To further assist the evaluation and consideration of such a measure, I recently wrote to the Chairman of the Oireachtas Joint Committee on Finance, Public Expenditure and Reform, Deputy Twomey, with a request that the committee consider the matter of mortgage insurance in an Irish context and, drawing on the experiences of other countries, prepare a report on the issue. It is considered that the committee would be a most qualified and appropriate forum to conduct such an examination.

Additionally, the Deputy will be aware that budget 2015 contains a number of measures to support a well-functioning housing market. In order to support first-time buyers in saving towards a deposit for their first homes, DIRT will be refunded in respect of savings up to a maximum of 20% of the purchase price. This measure will run until the end of 2017.

I welcome that the Minister has asked the finance committee to produce a report. As a member of that committee, I am sure it will do that work as diligently and as speedily as possible. However, we need to get to the core of the Government's position at this moment. The finance committee's reports on mortgage arrears have not been implemented. The key issue is that the Central Bank has voiced its opinion on 80% loan-to-value mortgages and asked for submissions. It is important that we know the Government's thinking on a mortgage guarantee scheme. For example, would a scheme only guarantee loans within the 80% limit or would it extend to 90%? How would defaulters be pursued? Would the Government, which would have taken on some of the risk, pursue them? What fees would be applied?

Crucially, in terms of the consultation process, we need to know the Government's position. Given the Minister's statement of 27 May, has an economic analysis been conducted by his Department? Is there any intention to introduce a mortgage guarantee measure in the Finance Bill or is it being left to the finance committee to produce a report that the Minister will consider?

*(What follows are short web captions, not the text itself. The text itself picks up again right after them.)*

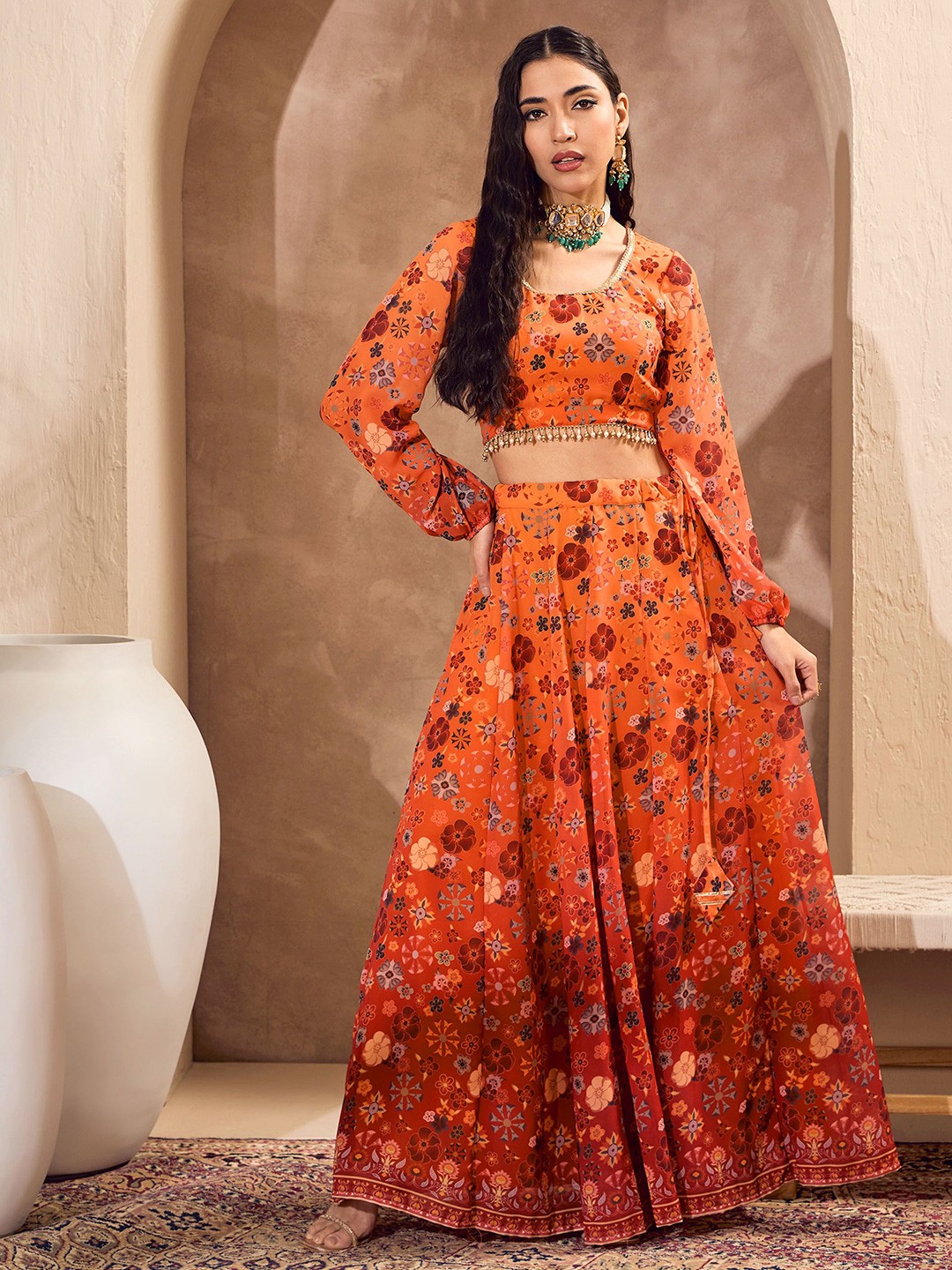 

Shae by SASSAFRAS Floral Printed Round Neck Lehenga & Blouse, Orange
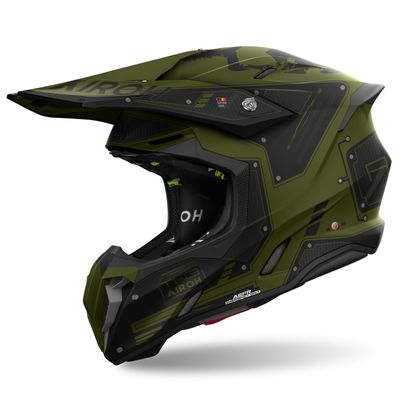 Casque cross Airoh TWIST 3 - MILLITARY 2024 - Noir / Vert
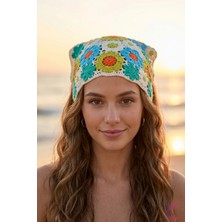 Cinderella Güneş Papatya Çiçek Motifli Bohem Örgü Üçgen Bandana Renkli - Yazlık Delikli File Örme Saç Bandanası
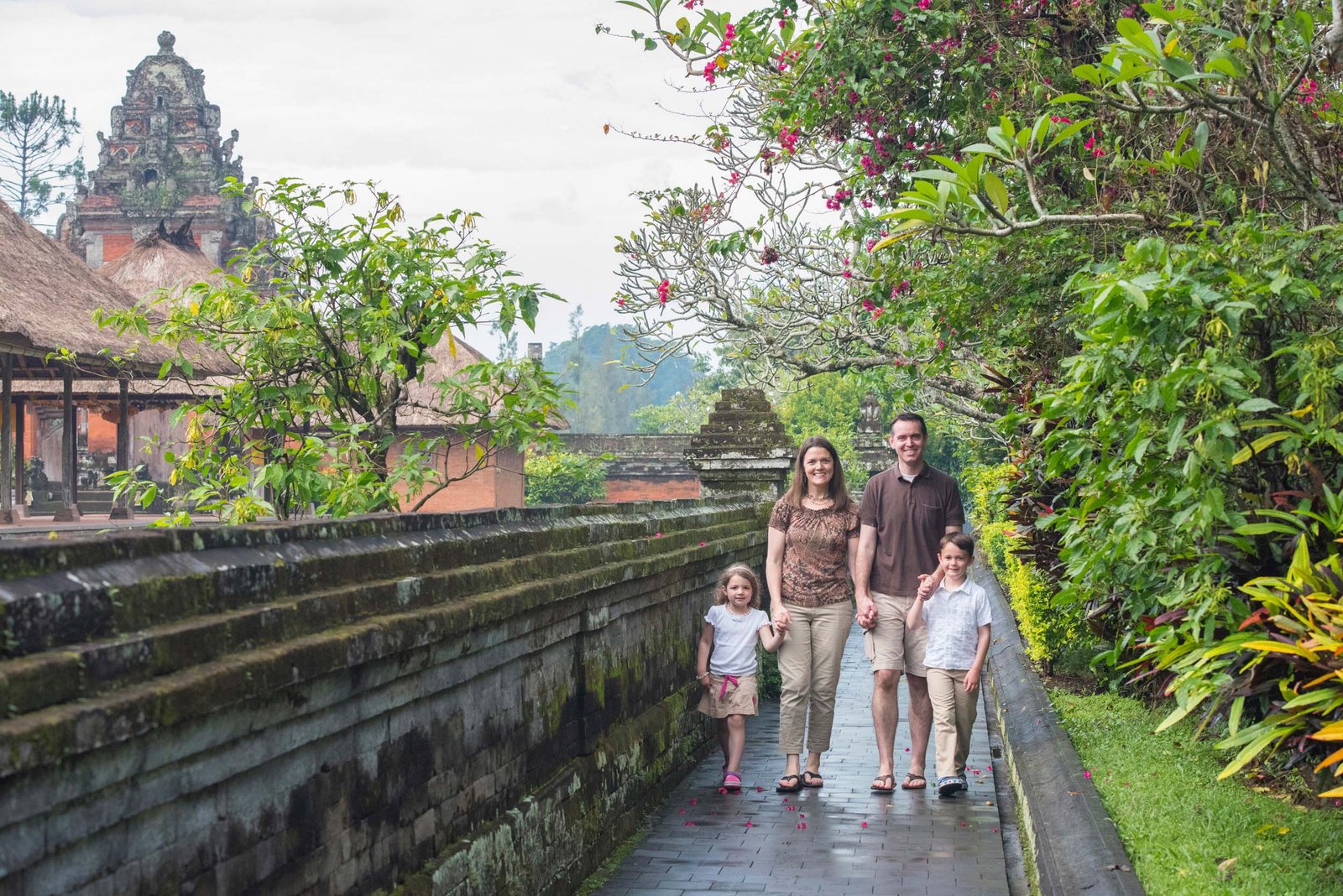 Family exploring cultural sites with Bali tour packages for couples and families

There has been a great deal of concern about the lack of supply of houses, particularly in the Dublin area, in recent months. The situation has changed dramatically since many of the Deputies rightly advised me of ghost estates all over the country and an oversupply of unoccupied houses. The pendulum has swung rapidly and now there is a distinct lack of supply in the Dublin area. The Government's Construction 2020 policy raised the issue of the guarantee that is the subject matter of the Deputy's question. I committed to reviewing it and we are processing that, but events have been overtaken somewhat by the initiative of the Central Bank, acting independently, in making proposals of a prudential nature confining mortgages to 80% with some exceptions. However, we must remember that the bank is engaged in a consultative process and has not yet established its policy. Like other participants, the Department of Finance will make a submission to the Central Bank setting out our position.

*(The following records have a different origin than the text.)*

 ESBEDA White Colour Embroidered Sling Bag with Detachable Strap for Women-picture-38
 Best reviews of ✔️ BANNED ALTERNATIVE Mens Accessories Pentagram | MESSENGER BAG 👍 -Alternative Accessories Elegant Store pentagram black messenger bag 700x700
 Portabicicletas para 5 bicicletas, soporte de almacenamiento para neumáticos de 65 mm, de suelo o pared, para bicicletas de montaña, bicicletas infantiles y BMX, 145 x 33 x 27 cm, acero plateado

In principle, the guarantee is a good idea. The best operating guarantee that I have encountered - there may be others - is the one in Canada. In simple terms, its prudential rules apply to mortgages of up to 80%, but one needs to be insured if one borrows beyond that level, with the insurance provided by the private sector. One must insure back to the first Canadian dollar - in our case, the first euro - rather than just the excess piece. I would like the all-party advice of the finance committee, because party politics should not be involved. It is a question of getting it right and ensuring that we assist purchasers, particularly first-time buyers and young couples who want to buy homes.

I ask Deputies to keep an eye on the clock, please.

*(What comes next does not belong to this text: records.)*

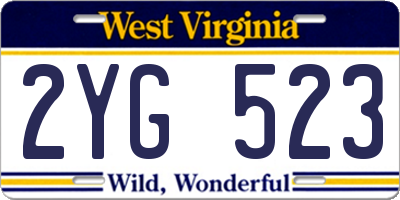 WV license plate 2YG523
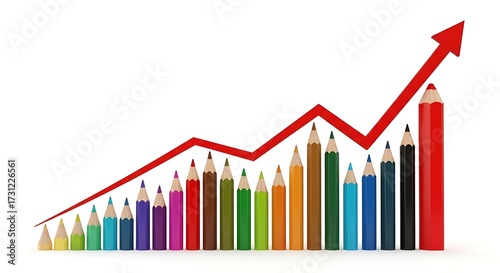 Creative Growth Chart Using Colorful Pencils Ascending Free Download Creative Growth Chart Using Colorful Pencils Ascending - GFXLoad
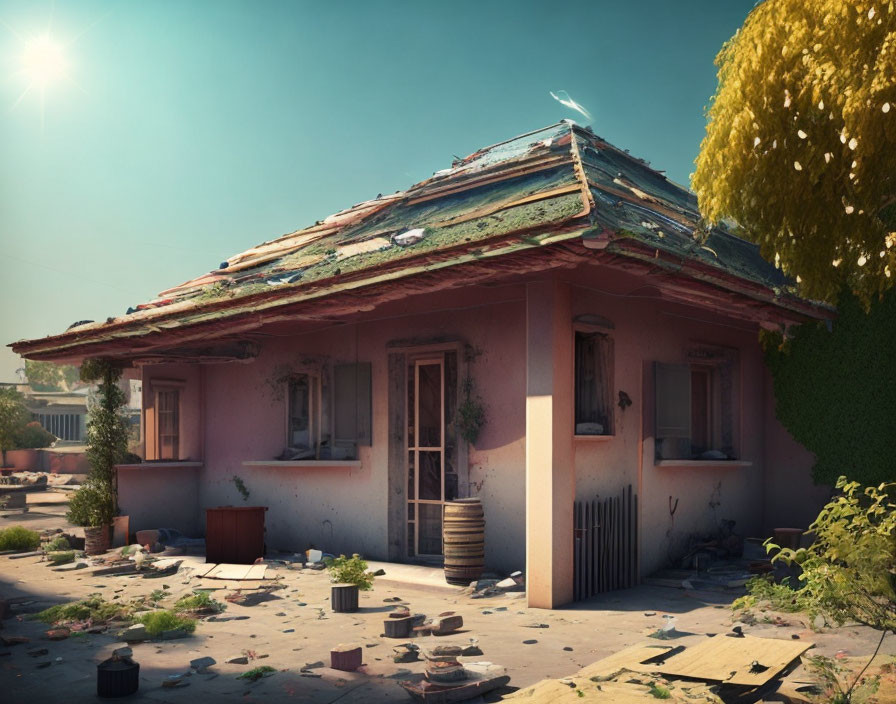 Abandoned house with damaged roof and debris in yard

I will. I appreciate the Minister's clarity, but can I take it that, regarding the Central Bank's consultation process on 80% loan-to-value mortgages, we should not assume it will be okay because the Government will introduce a 10% guarantee scheme to raise the ratio to 90%, as suggested in some media? We need clarity. Should we focus on the 80% ratio or will the Government come in through the back or side door to increase the ratio via a guarantee scheme? From the Minister's answer, it is clear that the latter is not the stated intention. He is saying that we should take the Central Bank's proposal at face value and decide whether 80% is an appropriate figure, because no other attempt to increase the ratio will be made by the Government. It has been suggested that the Government might do otherwise.

I would like to clarify my thinking. I have stated a number of times that I do not want our economic model to revert to a boom-and-bust one. Unlimited lending of excessive mortgages is part of the fuel that fires a boom-and-bust model. Obviously, I am in favour of initiatives that obviate that danger. I have certain views about the Central Bank's guidelines, but I will make a submission through the Department of Finance to the Central Bank, which is independent, as part of the consultation process.

In principle, I am in favour of a guarantee scheme, but it would not be a reaction to the Central Bank's guidelines. Rather, it would be separate. Had there been a guarantee scheme in recent years, people would not be in mortgage difficulty now. If they were unable to pay excessive mortgages, there would have been an insurance scheme to pick up the deficit for them. However, this should not be a State system. The private sector is active enough to provide a scheme.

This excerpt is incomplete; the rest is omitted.